Problem details :: Extract from the entries below, exactly as given, only the lines from the line containing "2019 Ford Transit" to the line containing "شاي الأعشاب يختلف", both lines included.

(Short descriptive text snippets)
◆ ◆ ◆ ◆ ◆

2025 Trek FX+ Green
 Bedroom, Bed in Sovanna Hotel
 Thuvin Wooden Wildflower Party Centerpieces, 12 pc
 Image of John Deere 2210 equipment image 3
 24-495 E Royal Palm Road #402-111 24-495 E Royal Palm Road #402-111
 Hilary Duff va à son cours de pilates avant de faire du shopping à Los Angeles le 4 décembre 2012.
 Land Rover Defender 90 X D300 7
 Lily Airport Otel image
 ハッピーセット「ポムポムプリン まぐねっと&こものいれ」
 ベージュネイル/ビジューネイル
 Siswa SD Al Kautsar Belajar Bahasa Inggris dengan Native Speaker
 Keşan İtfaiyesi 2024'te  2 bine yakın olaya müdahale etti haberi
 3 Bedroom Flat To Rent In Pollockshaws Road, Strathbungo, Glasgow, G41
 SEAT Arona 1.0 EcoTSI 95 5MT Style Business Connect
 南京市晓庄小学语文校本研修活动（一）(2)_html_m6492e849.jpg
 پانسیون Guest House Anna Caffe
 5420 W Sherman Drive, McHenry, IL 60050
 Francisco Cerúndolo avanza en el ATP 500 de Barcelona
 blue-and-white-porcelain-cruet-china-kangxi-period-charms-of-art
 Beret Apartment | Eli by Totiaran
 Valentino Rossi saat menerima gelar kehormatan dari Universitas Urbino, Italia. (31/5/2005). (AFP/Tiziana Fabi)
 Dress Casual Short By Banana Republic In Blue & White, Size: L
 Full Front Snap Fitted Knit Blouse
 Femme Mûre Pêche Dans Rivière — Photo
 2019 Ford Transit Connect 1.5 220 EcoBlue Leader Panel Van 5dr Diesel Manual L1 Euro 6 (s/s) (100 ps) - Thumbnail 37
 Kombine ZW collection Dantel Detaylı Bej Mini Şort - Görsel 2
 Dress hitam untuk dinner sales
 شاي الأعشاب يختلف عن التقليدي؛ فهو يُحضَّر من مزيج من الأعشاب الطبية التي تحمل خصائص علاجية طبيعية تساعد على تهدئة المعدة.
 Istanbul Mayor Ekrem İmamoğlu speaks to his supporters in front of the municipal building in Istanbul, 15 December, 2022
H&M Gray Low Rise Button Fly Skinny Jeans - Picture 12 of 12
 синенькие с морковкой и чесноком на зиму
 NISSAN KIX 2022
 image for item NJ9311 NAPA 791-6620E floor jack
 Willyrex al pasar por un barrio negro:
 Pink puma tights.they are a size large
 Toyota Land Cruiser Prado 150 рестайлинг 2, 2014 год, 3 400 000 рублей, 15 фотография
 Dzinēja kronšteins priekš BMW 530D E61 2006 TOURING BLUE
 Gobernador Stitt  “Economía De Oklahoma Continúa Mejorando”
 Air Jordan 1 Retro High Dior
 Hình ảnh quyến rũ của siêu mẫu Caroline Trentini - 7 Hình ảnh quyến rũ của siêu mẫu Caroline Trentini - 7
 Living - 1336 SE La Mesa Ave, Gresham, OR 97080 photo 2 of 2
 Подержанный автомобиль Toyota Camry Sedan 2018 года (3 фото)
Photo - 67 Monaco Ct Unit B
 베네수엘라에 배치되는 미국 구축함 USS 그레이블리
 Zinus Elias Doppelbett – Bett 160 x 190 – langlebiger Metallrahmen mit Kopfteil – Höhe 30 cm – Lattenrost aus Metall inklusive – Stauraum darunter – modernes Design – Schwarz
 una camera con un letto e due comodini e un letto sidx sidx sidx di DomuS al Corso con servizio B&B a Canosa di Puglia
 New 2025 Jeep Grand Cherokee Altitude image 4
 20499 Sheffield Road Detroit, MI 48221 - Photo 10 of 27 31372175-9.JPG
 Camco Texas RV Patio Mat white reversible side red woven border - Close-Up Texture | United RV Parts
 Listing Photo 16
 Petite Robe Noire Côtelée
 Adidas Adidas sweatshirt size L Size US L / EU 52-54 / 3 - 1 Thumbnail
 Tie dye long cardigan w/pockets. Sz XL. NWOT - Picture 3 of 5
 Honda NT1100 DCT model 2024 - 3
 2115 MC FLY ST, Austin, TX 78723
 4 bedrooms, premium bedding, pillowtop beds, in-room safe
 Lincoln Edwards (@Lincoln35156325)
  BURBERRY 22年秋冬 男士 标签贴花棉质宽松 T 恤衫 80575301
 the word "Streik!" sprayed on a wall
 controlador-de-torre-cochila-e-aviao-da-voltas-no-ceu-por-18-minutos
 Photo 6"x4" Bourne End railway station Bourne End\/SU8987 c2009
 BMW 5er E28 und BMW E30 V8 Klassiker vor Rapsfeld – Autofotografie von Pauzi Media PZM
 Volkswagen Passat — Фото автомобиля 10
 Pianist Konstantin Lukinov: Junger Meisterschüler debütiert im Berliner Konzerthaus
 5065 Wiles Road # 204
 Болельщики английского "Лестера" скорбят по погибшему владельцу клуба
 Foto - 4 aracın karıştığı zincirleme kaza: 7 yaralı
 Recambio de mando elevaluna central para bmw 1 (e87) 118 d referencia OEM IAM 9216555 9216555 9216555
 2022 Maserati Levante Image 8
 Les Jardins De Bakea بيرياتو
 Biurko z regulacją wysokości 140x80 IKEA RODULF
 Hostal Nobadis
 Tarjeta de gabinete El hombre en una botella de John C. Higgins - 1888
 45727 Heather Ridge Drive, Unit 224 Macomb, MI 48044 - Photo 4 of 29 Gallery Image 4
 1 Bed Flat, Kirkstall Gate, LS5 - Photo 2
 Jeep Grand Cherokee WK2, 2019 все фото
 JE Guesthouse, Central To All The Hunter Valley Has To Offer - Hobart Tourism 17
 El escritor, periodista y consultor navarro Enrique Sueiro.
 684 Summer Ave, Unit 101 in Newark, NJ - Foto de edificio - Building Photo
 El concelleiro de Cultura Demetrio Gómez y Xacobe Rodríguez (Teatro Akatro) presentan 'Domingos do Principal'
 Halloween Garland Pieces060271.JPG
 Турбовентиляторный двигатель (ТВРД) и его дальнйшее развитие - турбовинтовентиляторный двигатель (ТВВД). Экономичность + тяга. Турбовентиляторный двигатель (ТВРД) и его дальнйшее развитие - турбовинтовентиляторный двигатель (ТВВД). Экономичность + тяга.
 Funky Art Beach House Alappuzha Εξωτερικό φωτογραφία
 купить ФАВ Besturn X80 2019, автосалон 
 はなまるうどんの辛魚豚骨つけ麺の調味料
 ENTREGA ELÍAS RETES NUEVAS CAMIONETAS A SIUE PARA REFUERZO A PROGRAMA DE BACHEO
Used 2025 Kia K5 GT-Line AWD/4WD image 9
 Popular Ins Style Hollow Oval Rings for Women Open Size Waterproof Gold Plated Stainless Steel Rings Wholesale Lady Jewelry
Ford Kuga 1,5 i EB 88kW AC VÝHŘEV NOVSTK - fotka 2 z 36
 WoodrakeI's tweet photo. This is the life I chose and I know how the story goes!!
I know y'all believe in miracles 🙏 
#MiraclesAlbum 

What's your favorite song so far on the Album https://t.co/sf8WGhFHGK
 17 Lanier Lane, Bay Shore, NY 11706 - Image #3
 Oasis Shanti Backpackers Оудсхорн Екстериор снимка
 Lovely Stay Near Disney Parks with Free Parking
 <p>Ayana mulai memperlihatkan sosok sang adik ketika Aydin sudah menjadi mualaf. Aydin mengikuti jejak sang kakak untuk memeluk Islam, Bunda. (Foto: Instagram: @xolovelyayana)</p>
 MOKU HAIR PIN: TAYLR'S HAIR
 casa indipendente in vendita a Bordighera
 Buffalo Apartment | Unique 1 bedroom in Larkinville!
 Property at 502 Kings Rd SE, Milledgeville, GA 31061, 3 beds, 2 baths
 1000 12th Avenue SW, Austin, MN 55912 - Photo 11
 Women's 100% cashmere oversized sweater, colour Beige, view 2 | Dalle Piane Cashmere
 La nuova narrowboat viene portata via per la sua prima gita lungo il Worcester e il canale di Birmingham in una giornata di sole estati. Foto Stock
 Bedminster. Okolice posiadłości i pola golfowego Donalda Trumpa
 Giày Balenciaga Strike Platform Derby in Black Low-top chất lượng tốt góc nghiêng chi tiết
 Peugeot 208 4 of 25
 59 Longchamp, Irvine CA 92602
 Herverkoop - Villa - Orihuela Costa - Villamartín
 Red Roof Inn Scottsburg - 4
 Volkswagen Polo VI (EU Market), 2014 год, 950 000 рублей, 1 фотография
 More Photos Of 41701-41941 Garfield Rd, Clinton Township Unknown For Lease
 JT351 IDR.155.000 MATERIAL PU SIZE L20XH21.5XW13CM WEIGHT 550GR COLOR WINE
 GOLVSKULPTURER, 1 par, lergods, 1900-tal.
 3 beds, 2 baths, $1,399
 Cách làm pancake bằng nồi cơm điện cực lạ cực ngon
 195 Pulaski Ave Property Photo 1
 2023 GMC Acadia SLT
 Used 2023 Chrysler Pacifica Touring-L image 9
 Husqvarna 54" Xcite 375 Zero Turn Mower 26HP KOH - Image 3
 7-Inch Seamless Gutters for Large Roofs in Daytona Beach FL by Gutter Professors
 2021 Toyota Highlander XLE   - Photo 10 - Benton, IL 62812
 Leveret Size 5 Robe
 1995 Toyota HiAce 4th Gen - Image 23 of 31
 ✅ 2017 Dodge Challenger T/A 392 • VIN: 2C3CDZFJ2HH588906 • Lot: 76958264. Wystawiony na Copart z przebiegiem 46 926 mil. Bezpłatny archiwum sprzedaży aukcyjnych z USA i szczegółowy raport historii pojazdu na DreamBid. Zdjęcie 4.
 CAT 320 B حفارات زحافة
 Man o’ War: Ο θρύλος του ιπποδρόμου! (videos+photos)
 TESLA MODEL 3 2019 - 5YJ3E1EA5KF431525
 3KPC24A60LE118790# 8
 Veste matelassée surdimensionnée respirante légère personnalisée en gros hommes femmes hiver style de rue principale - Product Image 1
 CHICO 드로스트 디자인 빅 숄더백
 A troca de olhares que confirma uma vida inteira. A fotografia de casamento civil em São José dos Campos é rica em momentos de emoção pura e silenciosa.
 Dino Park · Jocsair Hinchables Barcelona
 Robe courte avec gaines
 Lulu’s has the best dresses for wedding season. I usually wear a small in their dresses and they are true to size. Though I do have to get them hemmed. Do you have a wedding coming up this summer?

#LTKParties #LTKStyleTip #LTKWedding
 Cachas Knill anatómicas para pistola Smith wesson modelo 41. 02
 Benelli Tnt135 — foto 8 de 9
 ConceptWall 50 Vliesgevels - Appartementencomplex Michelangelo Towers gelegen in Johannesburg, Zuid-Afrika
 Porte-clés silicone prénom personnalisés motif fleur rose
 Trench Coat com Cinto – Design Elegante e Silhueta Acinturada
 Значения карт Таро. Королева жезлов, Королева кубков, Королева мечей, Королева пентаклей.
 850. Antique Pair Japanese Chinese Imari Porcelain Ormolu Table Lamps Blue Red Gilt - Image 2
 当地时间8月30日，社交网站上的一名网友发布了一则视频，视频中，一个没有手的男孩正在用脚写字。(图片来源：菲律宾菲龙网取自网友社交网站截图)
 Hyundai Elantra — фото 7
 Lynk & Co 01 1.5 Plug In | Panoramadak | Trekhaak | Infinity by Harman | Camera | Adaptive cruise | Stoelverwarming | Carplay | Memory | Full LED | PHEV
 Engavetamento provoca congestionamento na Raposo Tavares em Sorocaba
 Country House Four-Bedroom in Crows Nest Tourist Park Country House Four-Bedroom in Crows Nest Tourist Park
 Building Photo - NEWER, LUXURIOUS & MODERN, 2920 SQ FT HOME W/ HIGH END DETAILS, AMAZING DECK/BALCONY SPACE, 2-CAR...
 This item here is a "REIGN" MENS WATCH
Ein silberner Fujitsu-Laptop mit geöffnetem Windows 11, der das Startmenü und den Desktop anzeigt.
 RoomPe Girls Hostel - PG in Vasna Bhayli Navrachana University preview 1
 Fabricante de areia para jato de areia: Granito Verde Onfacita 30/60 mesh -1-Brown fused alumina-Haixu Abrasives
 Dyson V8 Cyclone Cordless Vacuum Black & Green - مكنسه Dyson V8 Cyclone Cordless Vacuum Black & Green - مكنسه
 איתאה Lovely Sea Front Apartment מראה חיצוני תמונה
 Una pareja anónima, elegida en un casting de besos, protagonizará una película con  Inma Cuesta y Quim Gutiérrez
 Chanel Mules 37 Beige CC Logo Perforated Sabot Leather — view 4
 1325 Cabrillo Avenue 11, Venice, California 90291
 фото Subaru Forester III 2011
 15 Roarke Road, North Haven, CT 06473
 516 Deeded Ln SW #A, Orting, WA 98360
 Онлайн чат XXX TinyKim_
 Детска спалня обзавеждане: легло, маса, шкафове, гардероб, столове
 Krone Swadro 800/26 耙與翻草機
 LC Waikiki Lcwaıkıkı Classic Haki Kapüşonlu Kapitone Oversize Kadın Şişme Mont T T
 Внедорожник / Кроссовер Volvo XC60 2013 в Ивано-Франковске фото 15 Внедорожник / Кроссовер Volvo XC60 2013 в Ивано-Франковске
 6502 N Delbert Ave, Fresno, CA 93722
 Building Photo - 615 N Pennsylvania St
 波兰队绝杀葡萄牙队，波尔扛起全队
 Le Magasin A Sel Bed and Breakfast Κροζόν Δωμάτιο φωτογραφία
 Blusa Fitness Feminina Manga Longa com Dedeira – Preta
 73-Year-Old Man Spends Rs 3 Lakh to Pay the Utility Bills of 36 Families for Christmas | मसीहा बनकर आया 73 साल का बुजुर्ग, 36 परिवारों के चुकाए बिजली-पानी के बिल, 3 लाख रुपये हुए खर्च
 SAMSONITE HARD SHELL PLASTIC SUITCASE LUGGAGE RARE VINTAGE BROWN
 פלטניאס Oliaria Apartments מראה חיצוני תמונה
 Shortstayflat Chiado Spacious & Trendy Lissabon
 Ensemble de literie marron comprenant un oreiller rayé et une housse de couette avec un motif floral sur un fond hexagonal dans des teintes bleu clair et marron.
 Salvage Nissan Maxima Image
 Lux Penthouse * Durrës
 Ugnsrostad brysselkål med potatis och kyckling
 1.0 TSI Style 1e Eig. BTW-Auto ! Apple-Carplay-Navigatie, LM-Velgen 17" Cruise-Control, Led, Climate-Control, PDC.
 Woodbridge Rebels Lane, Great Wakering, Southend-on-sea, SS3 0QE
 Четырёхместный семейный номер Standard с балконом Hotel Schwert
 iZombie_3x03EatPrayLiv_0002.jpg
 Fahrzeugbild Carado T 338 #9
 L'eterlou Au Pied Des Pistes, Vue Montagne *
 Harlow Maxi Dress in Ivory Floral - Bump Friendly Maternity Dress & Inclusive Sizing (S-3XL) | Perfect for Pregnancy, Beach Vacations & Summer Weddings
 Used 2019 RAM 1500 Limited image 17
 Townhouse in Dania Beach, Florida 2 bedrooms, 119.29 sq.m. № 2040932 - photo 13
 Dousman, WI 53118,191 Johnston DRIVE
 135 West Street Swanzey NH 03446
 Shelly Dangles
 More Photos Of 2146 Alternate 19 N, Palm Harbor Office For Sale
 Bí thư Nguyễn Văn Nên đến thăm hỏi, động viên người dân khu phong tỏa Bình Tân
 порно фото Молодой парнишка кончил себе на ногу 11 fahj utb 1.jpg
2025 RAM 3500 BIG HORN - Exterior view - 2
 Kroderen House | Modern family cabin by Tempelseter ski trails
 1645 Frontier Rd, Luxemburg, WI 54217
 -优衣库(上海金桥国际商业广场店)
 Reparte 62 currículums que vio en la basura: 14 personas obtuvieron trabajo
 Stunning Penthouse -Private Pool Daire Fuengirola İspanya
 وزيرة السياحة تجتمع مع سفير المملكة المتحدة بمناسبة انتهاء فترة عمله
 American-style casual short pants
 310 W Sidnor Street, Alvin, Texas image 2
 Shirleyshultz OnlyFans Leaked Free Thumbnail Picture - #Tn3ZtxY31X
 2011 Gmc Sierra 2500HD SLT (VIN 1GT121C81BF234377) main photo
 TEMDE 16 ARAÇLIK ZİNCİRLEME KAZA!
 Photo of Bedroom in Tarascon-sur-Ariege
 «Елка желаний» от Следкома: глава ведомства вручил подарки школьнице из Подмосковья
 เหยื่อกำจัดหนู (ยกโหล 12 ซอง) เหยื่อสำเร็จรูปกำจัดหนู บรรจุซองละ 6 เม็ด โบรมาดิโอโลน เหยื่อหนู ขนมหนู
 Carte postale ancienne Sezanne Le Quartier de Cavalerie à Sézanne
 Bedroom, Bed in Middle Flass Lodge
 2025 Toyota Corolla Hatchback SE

◆ ◆ ◆ ◆ ◆

Response below ::
 2019 Ford Transit Connect 1.5 220 EcoBlue Leader Panel Van 5dr Diesel Manual L1 Euro 6 (s/s) (100 ps) - Thumbnail 37
 Kombine ZW collection Dantel Detaylı Bej Mini Şort - Görsel 2
 Dress hitam untuk dinner sales
 شاي الأعشاب يختلف عن التقليدي؛ فهو يُحضَّر من مزيج من الأعشاب الطبية التي تحمل خصائص علاجية طبيعية تساعد على تهدئة المعدة.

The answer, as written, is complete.